[tune] – Tune Configuration
The [tune] section controls the DQN training loop and experience replay. See Tune for a detailed explanation of the learning process.
Fields
[tune]
replay_capacity = 50000
batch_size = 64
learning_rate = 0.001
gamma = 0.99
lr_decay = 0.995
replay_period = 4
target_update_freq = 100
min_replay_size = 500
per_alpha = { value = 0.6, mode = "auto" }
per_epsilon = { value = 0.0001, mode = "fixed" }
[tune.epsilon]
start = 1.0
end = 0.05
decay_steps = 500
| Field | Type | Default | Description |
|---|---|---|---|
replay_capacity | usize | 50000 | Maximum transitions stored in the replay buffer |
batch_size | usize | 64 | Transitions sampled per training step |
learning_rate | f64 | 0.001 | Adam optimiser learning rate |
gamma | f64 | 0.99 | Discount factor for future rewards |
lr_decay | f64 | 0.995 | Learning rate decay multiplier applied each round |
replay_period | usize | 4 | Train every N transitions (not every round) |
target_update_freq | usize | 100 | Rounds between target network updates |
min_replay_size | usize | 500 | Minimum buffer size before training begins |
per_alpha | Param<f64> | auto(0.6) | PER prioritisation exponent (0 = uniform, 1 = full) |
per_epsilon | Param<f64> | fixed(1e-4) | Small constant added to TD error to prevent zero priority |
Replay buffer
The replay buffer stores (state, action, reward, next_state) transitions from every page fetched. Once it reaches replay_capacity, old transitions are evicted. Training does not start until the buffer has at least min_replay_size entries, ensuring the agent has enough experience for meaningful gradient updates.
Learning rate
learning_rate is the initial rate for the Adam optimiser. lr_decay multiplies it after each round, producing exponential decay.

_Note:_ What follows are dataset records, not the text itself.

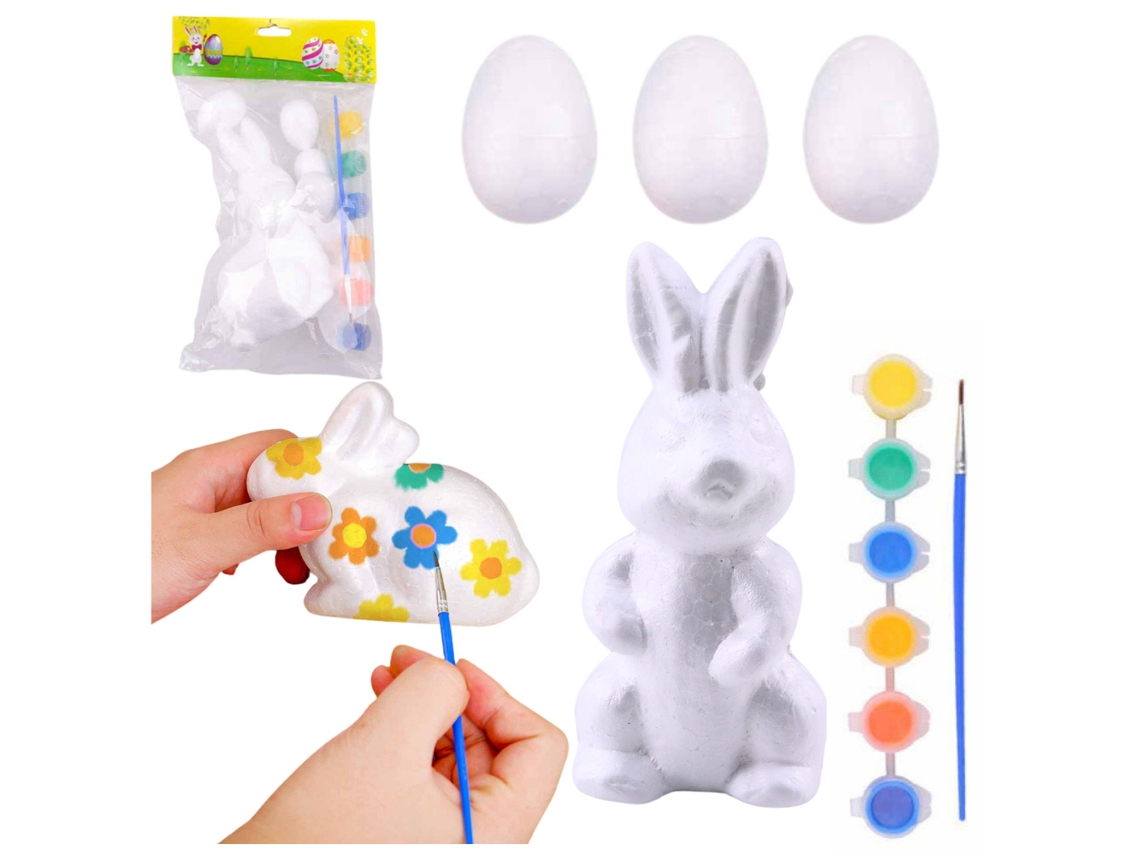Conjunto De Páscoa Ovos De Esferovite 3 Peças Estatueta Coelho Tintas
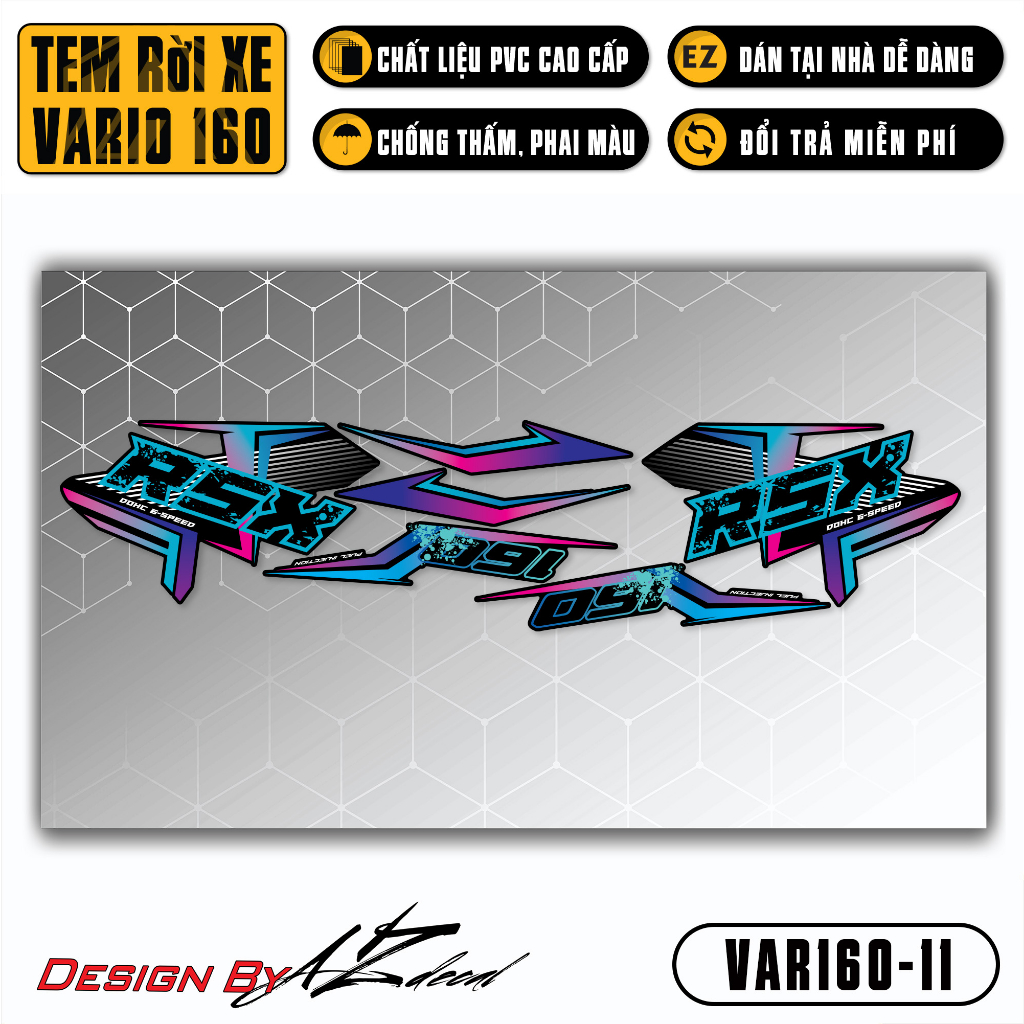 Decal Rời Dán Xe Vario 160 2023 | VAR160-11 | Team Tem Hình Dán Xe Máy Chống Thấm Nước Chống Xước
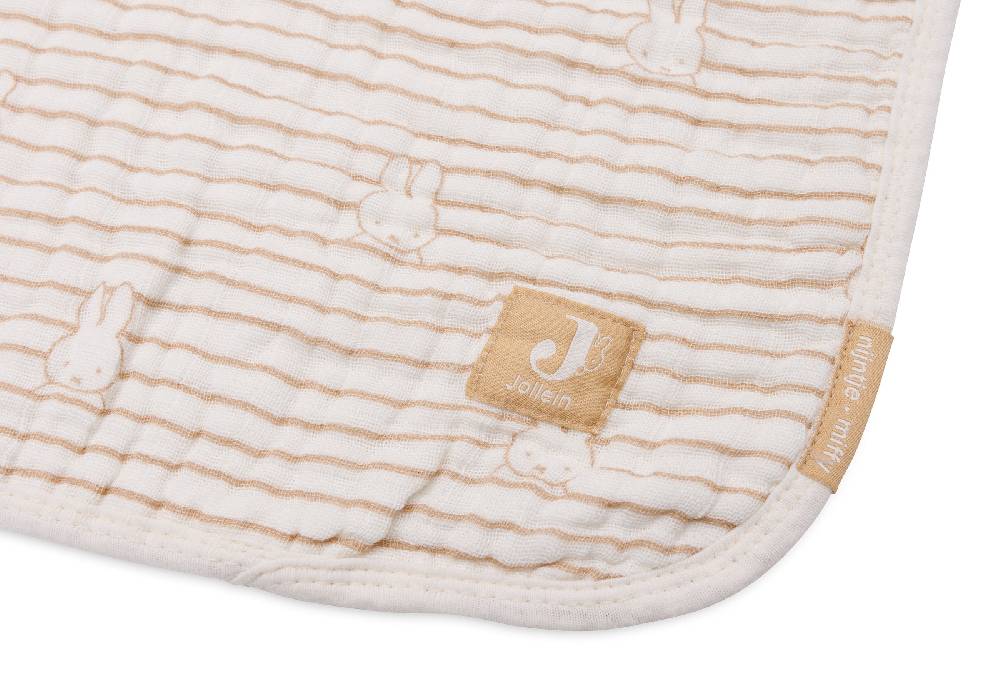Jollein Deken Wiege 75x100cm Miffy Stripe Biscuit Clearance-Verkauf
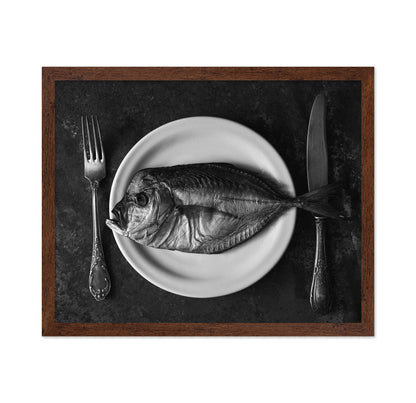 Fish On A Plate With A Fork And Knife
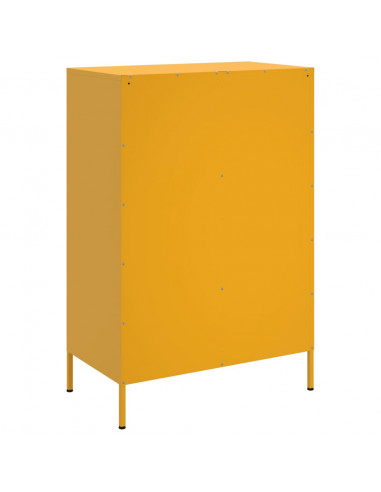 Credenza Giallo Senape 68x39x101,5 cm Acciaio Laminato Freddo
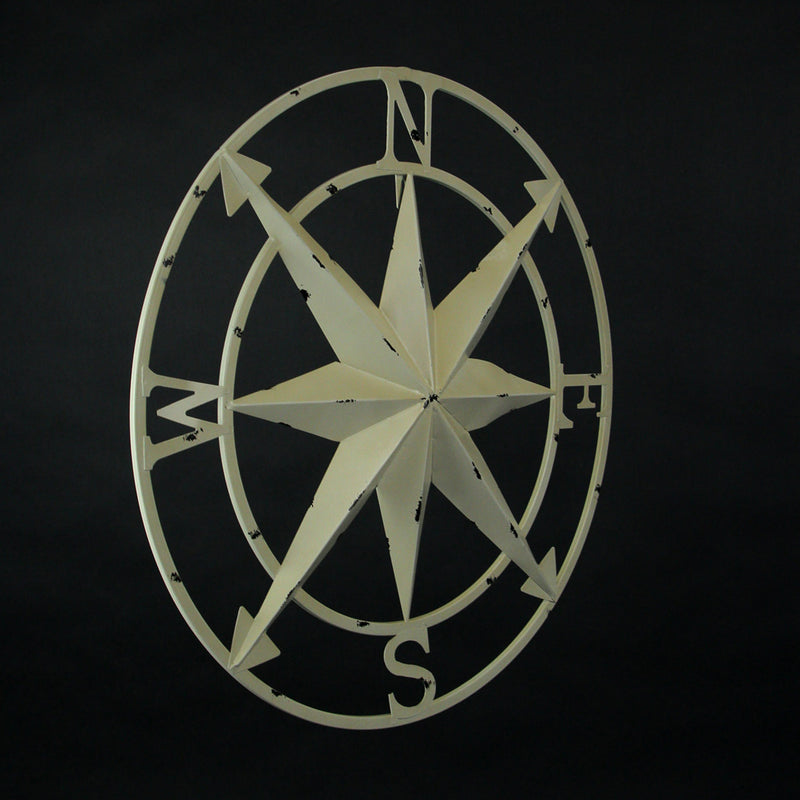 Nautical Compass Rose Wall Hanging Sculpture - Antiqued White Finish Metal Indoor Outdoor Ocean Decor - 20.5 Inch Diameter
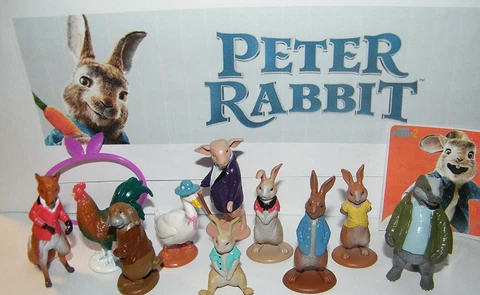 Peter Rabbit Quality Figure Set of 10 with Rabbit Wristlet and Sticker Cover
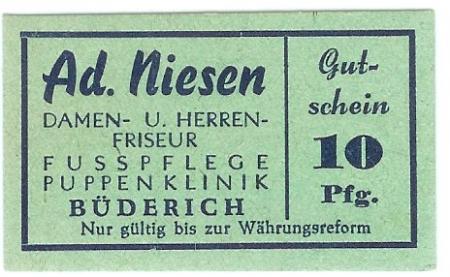 Büderich (heute: Meerbusch) - Niessen, Adam, Damen- und Herren-Friseur, Fußpflege, Puppenklinik - -- - 10 Pfennig 
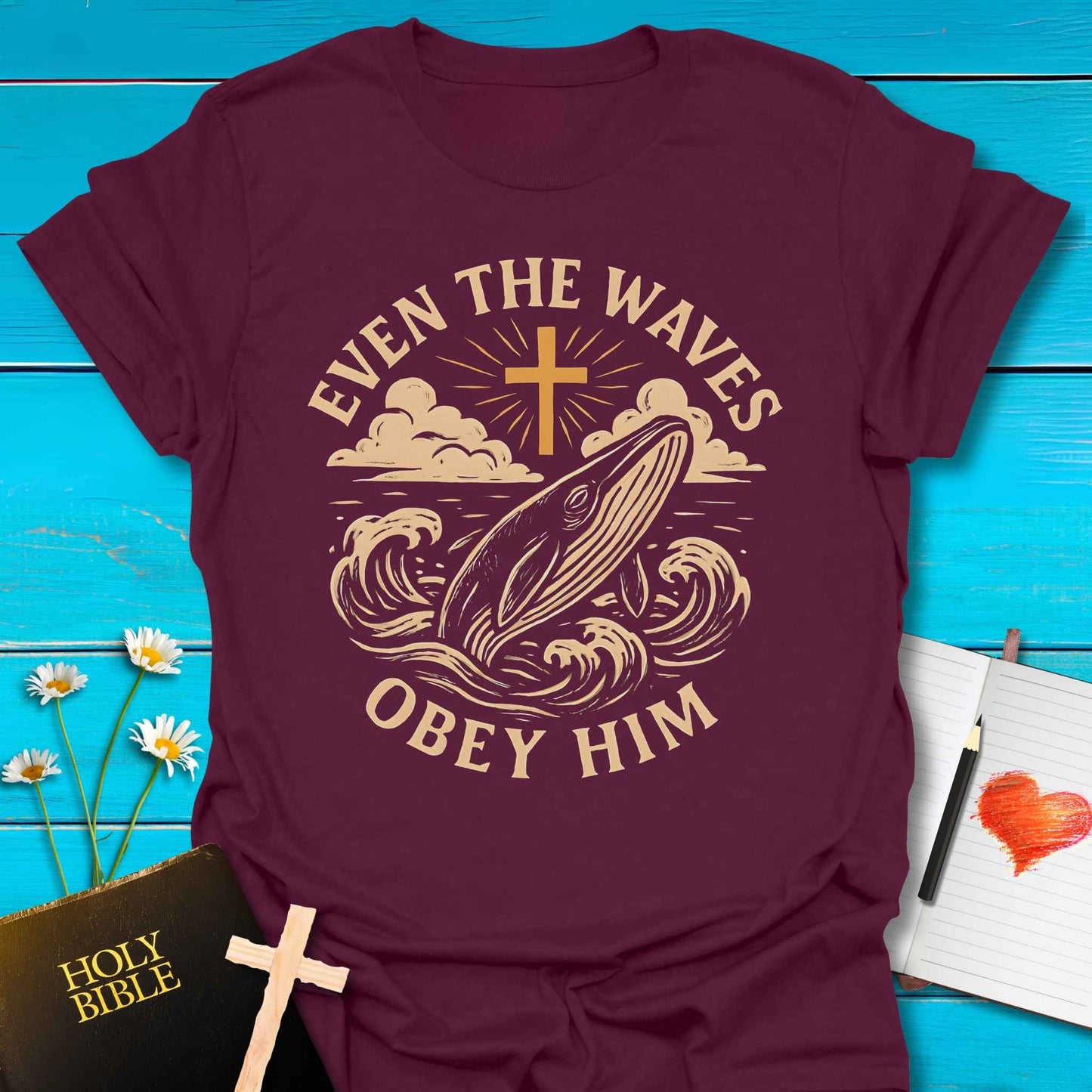 T-Shirt Maroon / S Waves Obey Him T-Shirt Echo Kindness Printify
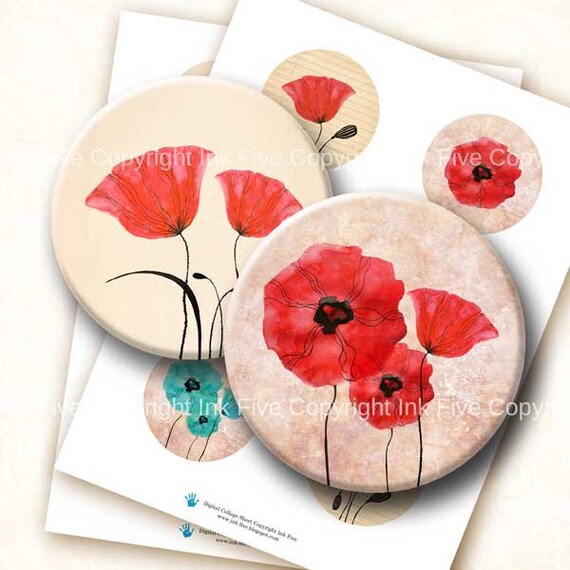 2.5 inch circles Field of Poppy Flowers digital collage sheet images for 2.25 inch pocket mirrors. Floral download graphics. Big rounds.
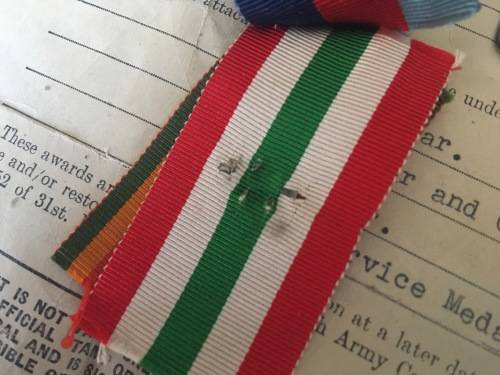 WW2 medal Group to - 82558 K.J De Bruin with Africa Star + Rosette and North Africa Clasp**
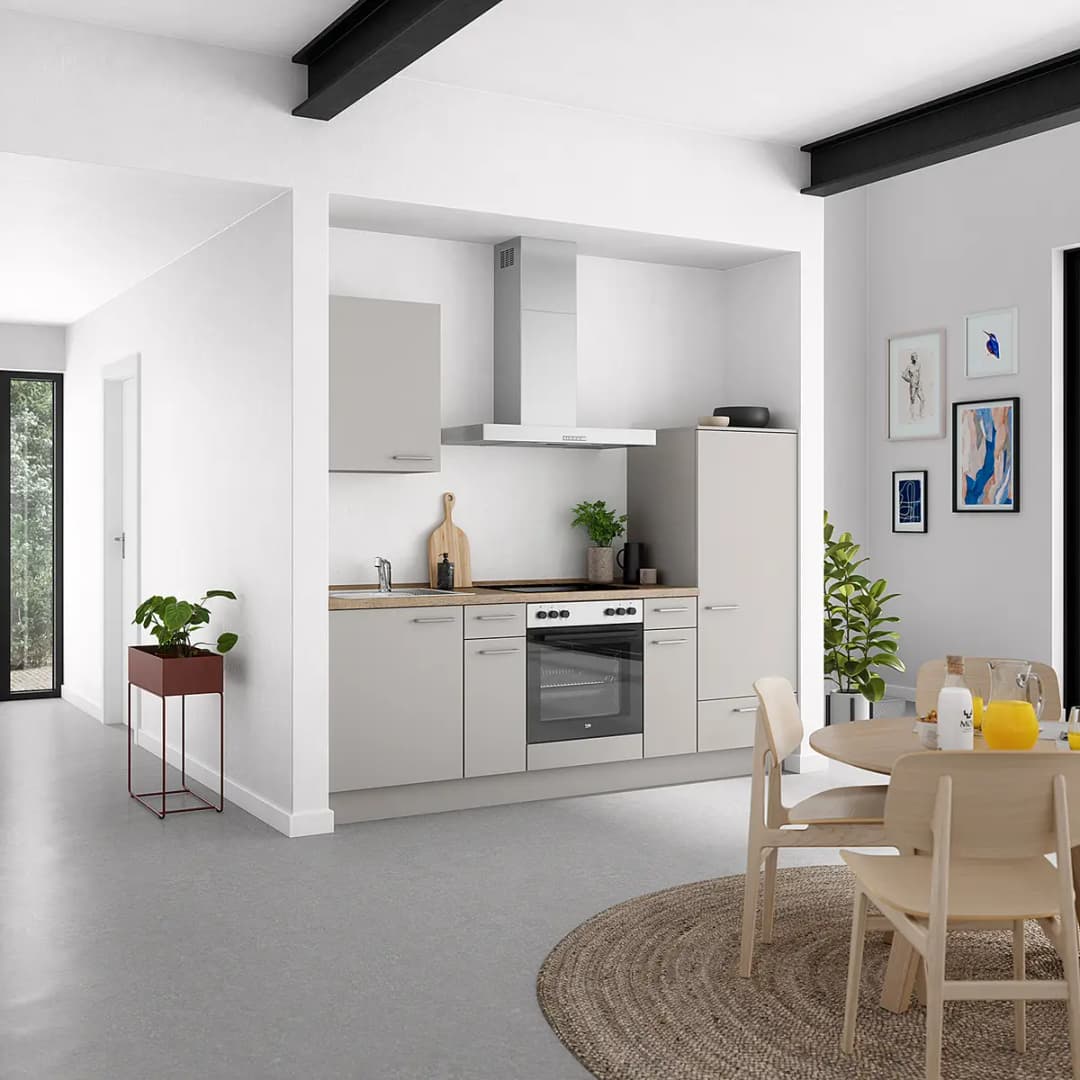 Küchenzeile Low-Line Touch Variante A | Grau
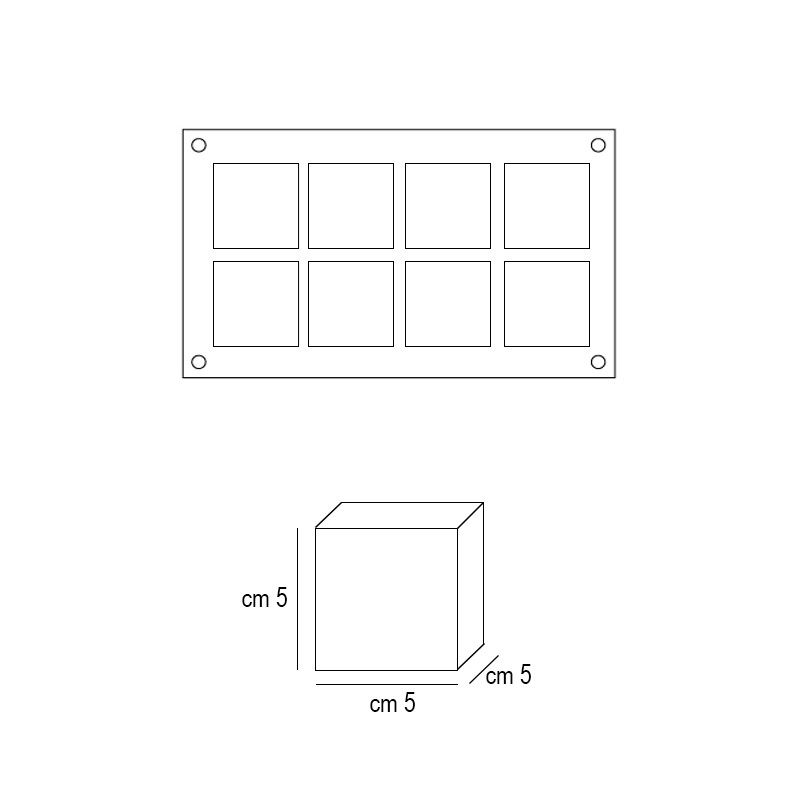Forma silicone 8 cubi Silikomart  in Stampi in silicone per dolci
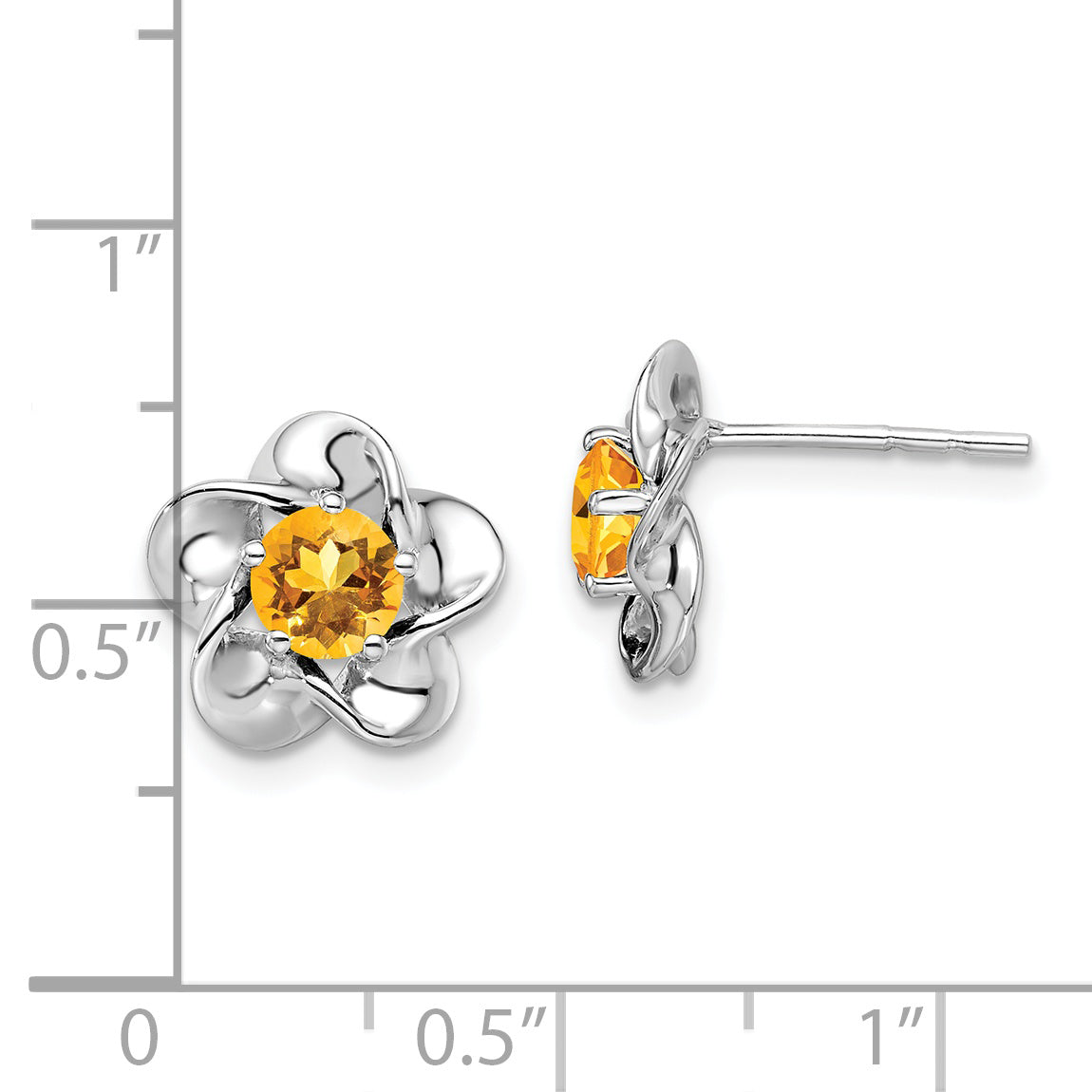 Sterling Silver Rhodium-Plated Floral Citrine Post Earrings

This lets the agent make large updates early (when it knows little) and fine-tune later.
Discount factor
gamma controls how much the agent values future rewards versus immediate ones. At 0.99, a reward 100 steps in the future is worth about 37% of an immediate reward. Lower values make the agent more short-sighted.
[tune.epsilon]
The epsilon-greedy exploration schedule.
| Field | Type | Default | Description |
|---|---|---|---|
start | f64 | 1.0 | Initial exploration rate (100% random) |
end | f64 | 0.05 | Final exploration rate |
decay_steps | usize | 500 | Rounds over which epsilon decays |
Epsilon decays linearly from start to end over decay_steps rounds. At start = 1.0, every action in round 1 is random. By the time decay_steps rounds have passed, only 5% of actions are random.
PER parameters
per_alpha controls how aggressively the replay buffer favours high-error transitions. At 0.0, all transitions are sampled uniformly. At 1.0, sampling is fully proportional to TD error. The default of 0.6 is a common sweet spot. In auto mode, the crawler adjusts this based on training stability.
per_epsilon is a small constant added to every transition’s priority so that no transition ever has exactly zero probability of being sampled. This is fixed at 1e-4 and rarely needs changing.